# Notebook 1 — Data Acquisition and Setup


### Background & Goal(s)

**Description:** The FC 26 player CSV file is a dataset that contains all BASE (no special cards), actively playing soccer players included in EA Sports' FC  26 video game. 

**Acquisition:** The dataset was acquired and can be found on Kaggle.com through the name of "FC 26 (FIFA 26) Player Data," which was "curated by web scraping sofifa.com" by Rovnev. 

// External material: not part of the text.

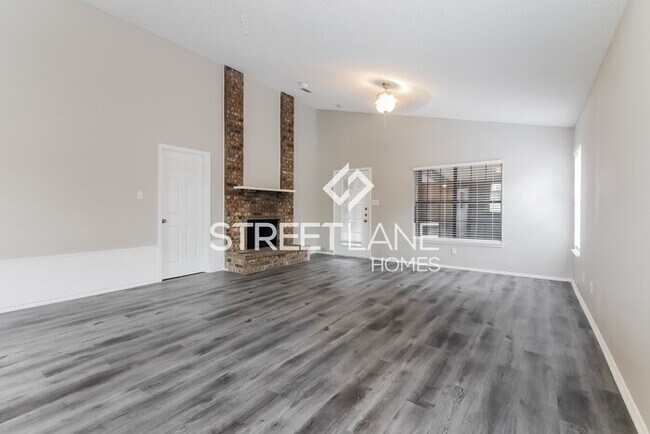 Building Photo - Charming 3 Bedroom in Grand Prairie!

**Dataset:** size & description: Each observation (18,405 rows) in the following data set is a player, while each column (110 columns) is an attribute (name, country, overall, wages (in euros), etc.). To utilise this dataset, I downloaded the 10.58 MB CSV file, then stored it in my Design Final Project directory (working directory).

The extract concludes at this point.